Especialistas veem desgaste político e insegurança jurídica
O cientista político e estrategista eleitoral Gilmar Arruda avalia que a principal preocupação em relação aos disparos automatizados não é na tecnologia utilizada, mas na forma como ela pode ser aplicada durante as campanhas. Segundo ele, é preciso diferenciar a automação do envio de mensagens do chamado disparo em massa, prática que ocorre quando as mensagens são encaminhadas sem consentimento dos destinatários e sem qualquer direcionamento de segmentação.
“Há uma confusão conceitual quando se fala em disparos automatizados. O problema não está na automatização do processo de envio de mensagens, mas na possível falta do consentimento de quem vai recebê-la e no chamado envio em massa”, afirma.
Em relação à redução das multas e à ampliação do prazo para pagamento das dívidas partidárias, o cientista político entende que a discussão vai além dos aspectos jurídicos e pode ampliar a percepção negativa da população sobre a classe política.
“O limite de R$ 30 mil para multas e o parcelamento de dívidas em até 15 anos coloca em xeque o Congresso Nacional. A população não vê nesse tipo de projeto nada além da defesa dos interesses próprios dos partidos”, afirma.
Para o advogado eleitoral Ricardo Sévulo, a autorização dos disparos automatizados representa uma ruptura com o entendimento que vinha sendo construído pela Justiça Eleitoral nos últimos anos.
“A aprovação dessa atividade de disparos automatizados gera confronto com aquilo que vinhamos construindo como segurança jurídica e previsibilidade eleitoral eleitorais no uso de meios eletrônicos”, afirma.
Segundo ele, a medida reabre discutiu sobre abuso de poder econômico e abuso de meios de comunicação durante as campanhas.
“Há uma hipótese de abuso de poder econômico, de gasto financeiro que pode desequilibrar o pleito eleitoral, e também de uma conduta que já foi ocorrência como abuso de poder de mídia”, explica.
Divergências podem atrasar votação no Senado
Na avaliação do Sévulo, mesmo que a proposta seja aprovada pelo Congresso, a questão poderá acabar sendo decidida pela Justiça Eleitoral.
“O próprio TSE pode relativizar essa aprovação legal quando julgar processos este ano, porque ela produz incerteza no campo das eleições, algo muito ruim para a democracia”, avalia.
Por outro lado, Gilmar Arruda considera que há espaço político para aprovação no Senado, mas acredita que os pontos mais polêmicos deverão ser modificados.
“Espaço há. No entanto, a tendência é que os pontos mais controversos sejam retirados do texto. Com o veto já sinalizado pelo presidente Lula, o desgaste político poderá recair sobre o Congresso caso os parlamentares decidam manter esses dispositivos”, conclui.
Mudanças podem acabar no Judiciário
A aplicação das novas regras já nas eleições deste ano divide especialistas devido ao princípio da anualidade eleitoral, que exige antecedência mínima de um ano para mudanças no processo. O cientista político Cristiano Vilela avalia que o tema deverá ser judicializado. Segundo ele, os opositores argumentam que as mudanças afetaram o processo eleitoral, enquanto os defensores alegam que são apenas de caráter administrativo.

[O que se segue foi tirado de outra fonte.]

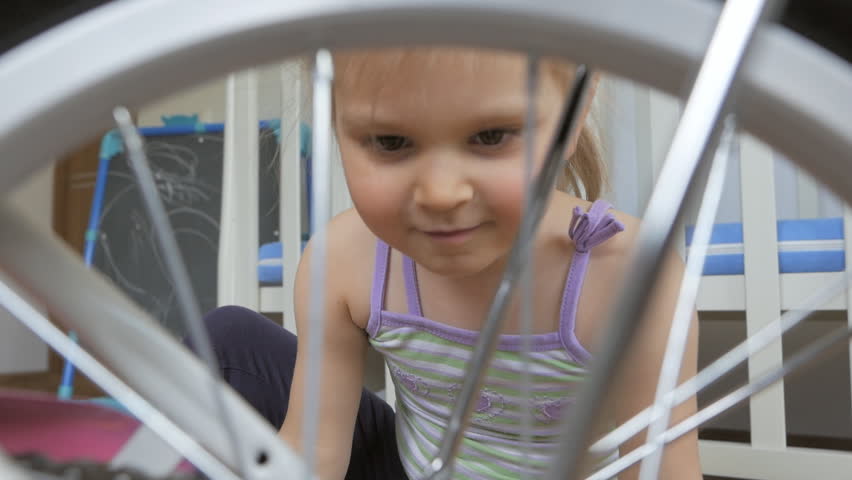A little girl sitting on the floor in the children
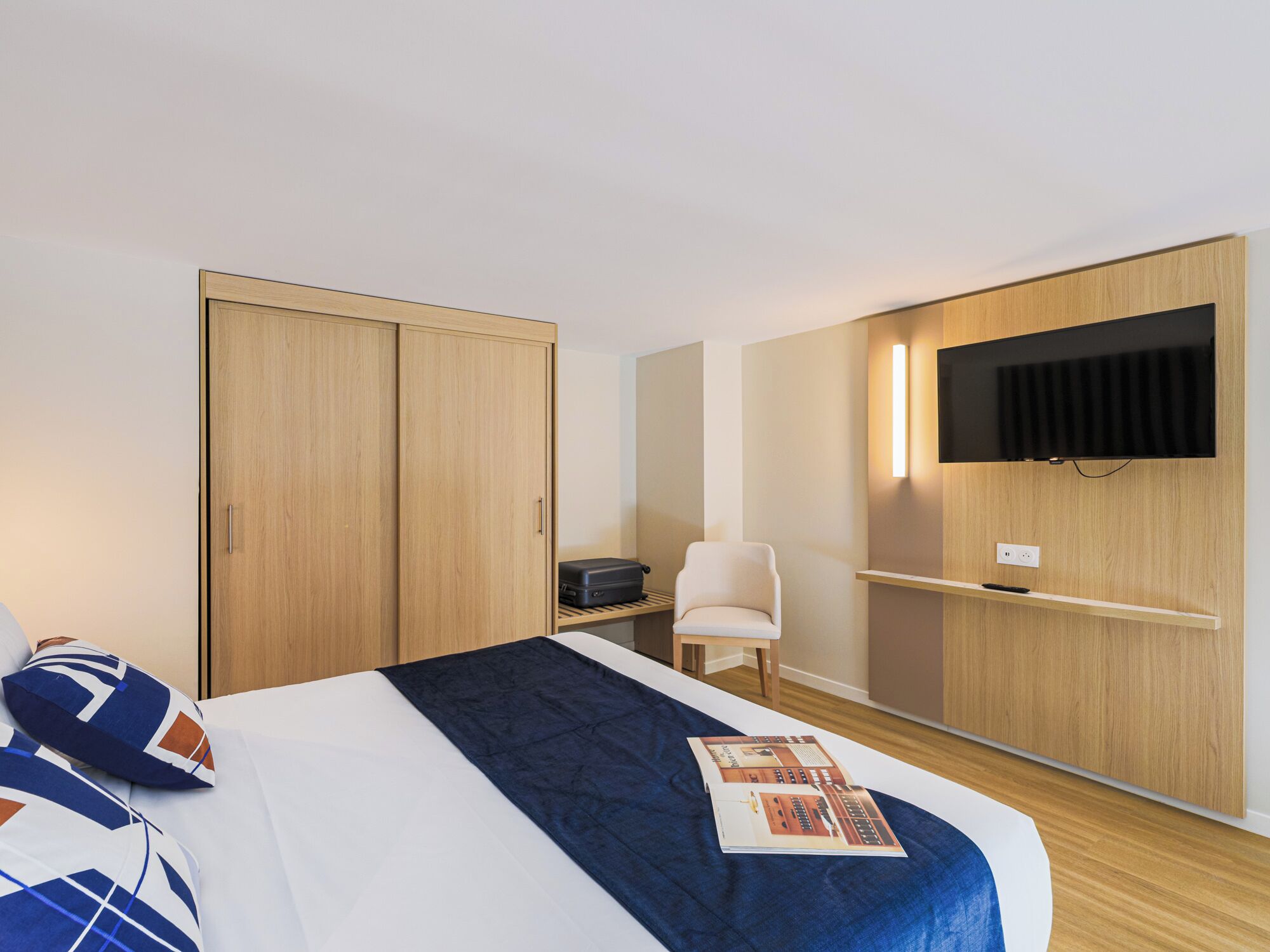 Una habitación de hotel con cama, una silla, un armario, un escritorio con televisor de pantalla plana y una maleta.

Além da resistência política, entidades da sociedade civil, como o Movimento de Combate à Corrupção Eleitoral (MCCE), criticaram a matéria, classificando-a como um “grave retrocesso”. O texto agora será analisado pelo Senado, onde os analistas prevêem que passarão por modificações para corrigir distorções antes de uma eventual aprovação.
Com críticas recebidas de diferentes setores políticos, questionamentos sobre a constitucionalidade de alguns dispositivos e a promessa de veto presidencial a um dos principais pontos da proposta, a minirreforma eleitoral deve enfrentar um caminho difícil antes de se transformar em lei.